Stübinger: Ich kann mich über meine Kirchenbesucherzahlen auch sonst nicht beklagen. Tradition ist Wachhalten der Glut, nicht Anbetung der Asche. Tradition hilft uns, die ungebrochene Kette aufrechtzuerhalten, die uns mit den Müttern und Vätern unseres Glaubens verbindet. Tradition ist die Weitergabe eines Schatzes durch lebendige Zeugen. Das Wesentliche im Leben kann sich keiner selbst sagen! So muss einem Menschen gesagt werden, dass er geliebt ist. Dieses Weitersagen eines nicht selbst gemachten Sinnpotenzials bedeutet Tradition. So muss man Traditionen wertschätzen und mit den Herausforderungen der heutigen Zeit verbinden. Übrigens ist so etwas wie eine Hummelmesse ein Beitrag, um Traditionen zu fördern. Übrigens erlebe ich bei vielen Trauungen, die ich halte, dass die sogenannten ,Fernstehenden‘ nach dem Gottesdienst immer ganz angetan sind, wie schön und feierlich die Ze­remonien in der katholischen Kirche sind.

Sie sind ein Pfarrer, der eine Freude an seinem Beruf und seiner Berufung ausstrahlt. Wie könnte man denn mehr junge Männer davon überzeugen, dass Pfarrer ein Beruf sein kann, der nicht nur Entbehrungen mit sich bringt, sondern auch viel geben kann?

Stübinger: Erst einmal vielen Dank für dieses nette Kompliment, das mich freut! Wenn wir Christen nicht mehr Freude ausstrahlen, ja wer denn dann? Uns trägt eine Freude, die uns kein Mensch geben, aber zum Glück auch nicht nehmen kann. Freude bringt ein Leben aus der Faszination darüber, dass das Wort Jesu trägt. ,Die Freude an Gott ist unsere Kraft’, heißt es in der Heiligen Schrift. Die Freude kommt aus der Erfahrung des Geliebtseins. Und diese Erfahrung schenkt Gott mir nicht nur für mich persönlich, sondern damit ich sie weiterschenke. Und das macht dann wiederum Freude. Die Fröhlichkeit hat mir Gott in die Wiege gelegt, und sie hilft mir, dass ich so manches Schwere meistere. Ich versuche durch mein Lebenszeugnis zu zeigen, dass ein Mensch, der sich Gott schenkt, nicht auf der Strecke bleibt.

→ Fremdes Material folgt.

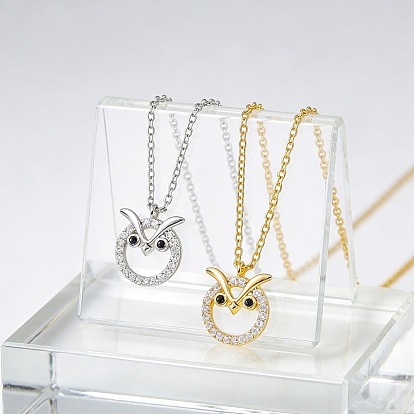 Brass Micro Pave Clear and Black Cubic Zirconia Owl Pendant Necklaces for Women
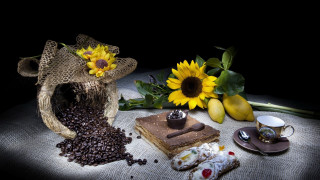 Flower vase food coffee sunflowers - food photography free wallpaper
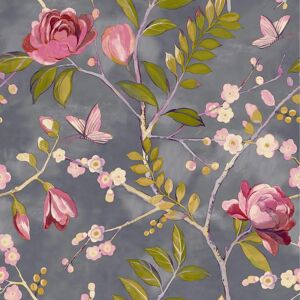 Grandeco Lola Charcoal Pink Floral Wallpaper - 197001 Grandeco Lola Charcoal Pink Floral Wallpaper - 197001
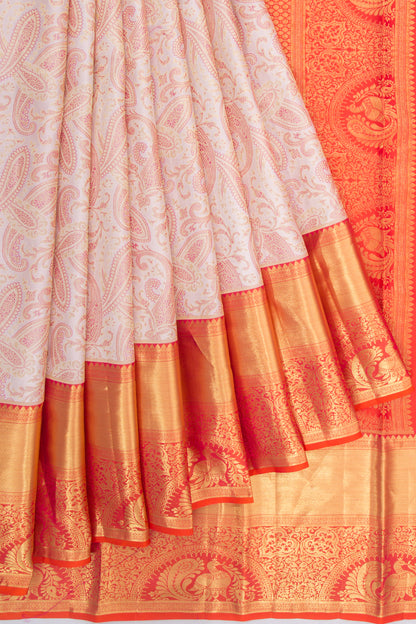 Kanchipuram Silk Brocade Off-White Saree
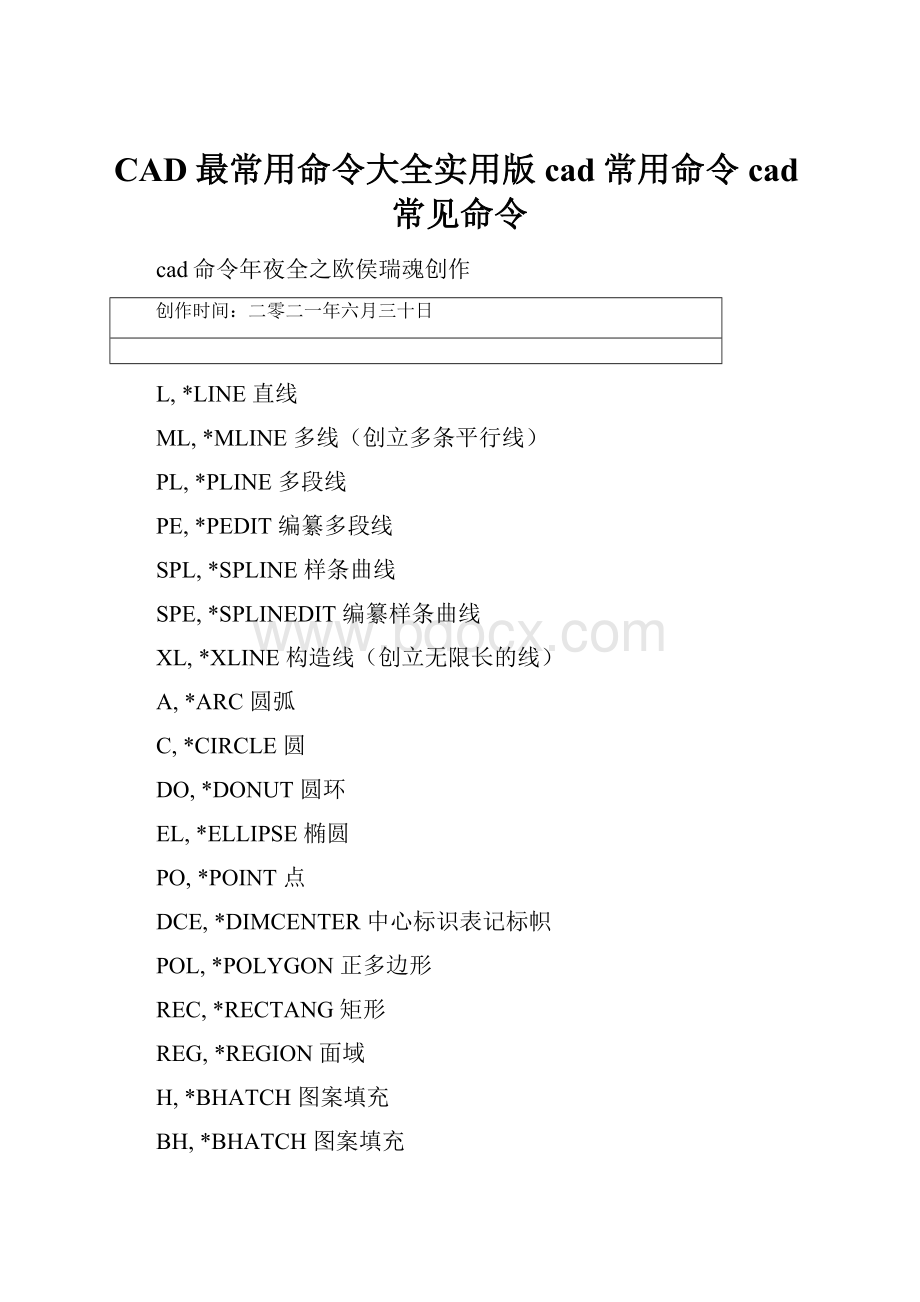 CAD最常用命令大全实用版cad常用命令cad常见命令.docx_第1页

Ich kann nach 15 Priesterjahren sagen: ,Ich würde es auf jeden Fall wieder so machen und habe es keine Sekunde bereut, dass ich Priester geworden bin!‘ Auf die großen Fragen des Lebens  ,Woher komme ich? Welchen Sinn hat mein Leben? Wofür lohnt es sich zu leben? Wohin gehe ich einmal?‘ haben wir Christen noch immer wunderbare Lösungs­ansätze, die im Leben und selbst im Tod tragen.